Expert Treatment for Pancreatic Insufficiency by Dr. Bharat Pothuri
Dr. Pothuri uses a step-by-step approach:
Medical History and Physical Exam
He reviews your abdominal pain pattern (timing, triggers, radiation), weight changes, stool characteristics (steatorrhea), and risk factors such as alcohol use, smoking, diabetes, or family history of pancreatic disease.
Blood Tests
He orders serum amylase and lipase to detect pancreatic inflammation, liver function tests to rule out hepatobiliary causes, glucose/HbA1c to assess endocrine function, and fat-soluble vitamin levels (A, D, E, K) to check for malabsorption.
Stool Tests
Fecal elastase measurement evaluates exocrine pancreatic output, while quantitative stool fat testing confirms steatorrhea.
Imaging Studies
- Abdominal ultrasound screens for pancreatic calcifications, ductal dilation, or gallstones.
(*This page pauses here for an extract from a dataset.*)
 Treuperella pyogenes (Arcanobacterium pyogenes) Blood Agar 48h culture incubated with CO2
- CT scan or MRI/MRCP provides detailed views of gland morphology, ductal anatomy, inflammation, or masses.
Specialized Function Testing (if needed)
Secretin stimulation testing or endoscopic ultrasound (EUS) may be used to directly assess enzyme secretion and tissue integrity, and to guide therapeutic interventions like ERCP if blockages or stones are identified.
Frequently Asked Questions
What tests confirm pancreatic insufficiency?
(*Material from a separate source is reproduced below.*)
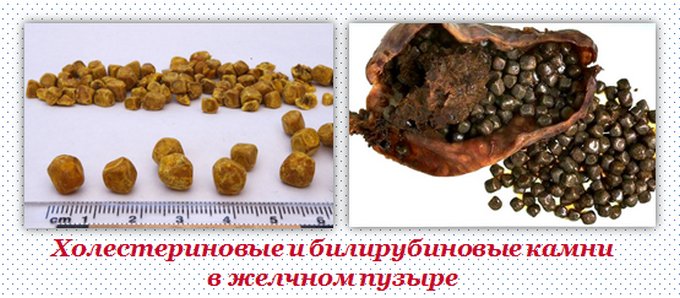 Симптоматика болезни холелитиаз Цвет камней в желчном пузыре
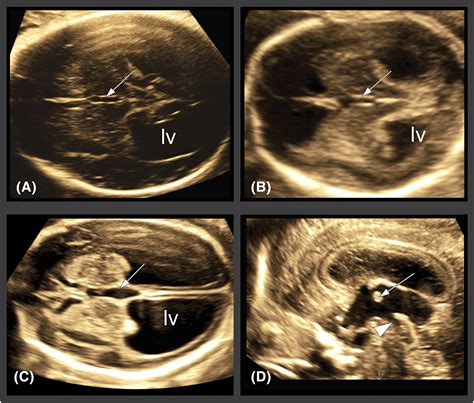 The Third Ventricle Of The Human Fetal Brain Normative Data And Pathologic Correlation A 3d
Diagnosis is confirmed through stool elastase, blood vitamin levels, and imaging tests like ultrasound, CT, or MRI.
How soon will I feel better with enzyme pills?
Most patients notice symptom relief within 1-2 weeks of starting enzyme replacement therapy.
Can I manage this with diet alone?
Diet modifications help, but enzyme replacement therapy is usually necessary to ensure proper nutrient absorption.
Are there side effects with enzyme pills?
Most people tolerate enzyme supplements well; rare side effects include mild abdominal cramps or constipation.
Does insurance cover treatment?
Most insurance plans cover enzyme therapy and related tests. Our billing team can verify your benefits.
Can children get pancreatic insufficiency?
Yes. Conditions like cystic fibrosis can cause exocrine pancreatic insufficiency in children. Early diagnosis is key.